[Data for processing]

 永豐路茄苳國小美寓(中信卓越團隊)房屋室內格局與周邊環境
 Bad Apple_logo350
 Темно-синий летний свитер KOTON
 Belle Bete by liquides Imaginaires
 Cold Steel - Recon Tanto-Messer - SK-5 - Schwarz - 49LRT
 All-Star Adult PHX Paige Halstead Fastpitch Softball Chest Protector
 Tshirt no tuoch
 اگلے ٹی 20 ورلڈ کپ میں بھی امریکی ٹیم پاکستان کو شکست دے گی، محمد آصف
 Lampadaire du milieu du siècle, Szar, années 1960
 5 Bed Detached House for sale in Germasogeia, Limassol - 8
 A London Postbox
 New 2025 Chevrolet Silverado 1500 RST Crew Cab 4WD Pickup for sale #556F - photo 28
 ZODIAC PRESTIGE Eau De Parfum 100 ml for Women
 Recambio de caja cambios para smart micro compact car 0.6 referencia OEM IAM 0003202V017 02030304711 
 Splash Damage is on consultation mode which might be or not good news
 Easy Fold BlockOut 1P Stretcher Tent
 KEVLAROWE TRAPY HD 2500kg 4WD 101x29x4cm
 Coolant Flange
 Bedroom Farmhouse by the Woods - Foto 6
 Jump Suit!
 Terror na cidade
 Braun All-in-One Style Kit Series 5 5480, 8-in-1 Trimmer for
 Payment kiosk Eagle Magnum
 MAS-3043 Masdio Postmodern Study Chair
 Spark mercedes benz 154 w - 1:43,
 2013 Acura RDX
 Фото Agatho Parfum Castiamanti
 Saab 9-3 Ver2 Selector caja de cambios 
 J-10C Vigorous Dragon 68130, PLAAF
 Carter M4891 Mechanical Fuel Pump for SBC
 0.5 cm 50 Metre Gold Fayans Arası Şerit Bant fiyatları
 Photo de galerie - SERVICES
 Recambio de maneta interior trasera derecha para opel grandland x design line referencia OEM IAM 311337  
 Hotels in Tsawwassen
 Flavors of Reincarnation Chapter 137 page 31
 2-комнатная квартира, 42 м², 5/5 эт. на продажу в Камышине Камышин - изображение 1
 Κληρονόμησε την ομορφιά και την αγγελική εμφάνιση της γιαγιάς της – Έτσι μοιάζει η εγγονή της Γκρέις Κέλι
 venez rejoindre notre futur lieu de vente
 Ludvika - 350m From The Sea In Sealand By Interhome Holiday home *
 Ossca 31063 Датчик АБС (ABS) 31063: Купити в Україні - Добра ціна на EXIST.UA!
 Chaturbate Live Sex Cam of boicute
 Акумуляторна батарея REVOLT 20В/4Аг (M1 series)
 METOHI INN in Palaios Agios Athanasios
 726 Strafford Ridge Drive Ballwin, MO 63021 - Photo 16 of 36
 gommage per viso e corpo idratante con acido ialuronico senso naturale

[/Data for processing]

> **Instructions for the task**: Only lines that include "cambios" belong in the answer; return them from the entries above.

> **Problem solution**:
 Recambio de caja cambios para smart micro compact car 0.6 referencia OEM IAM 0003202V017 02030304711 
 Saab 9-3 Ver2 Selector caja de cambios 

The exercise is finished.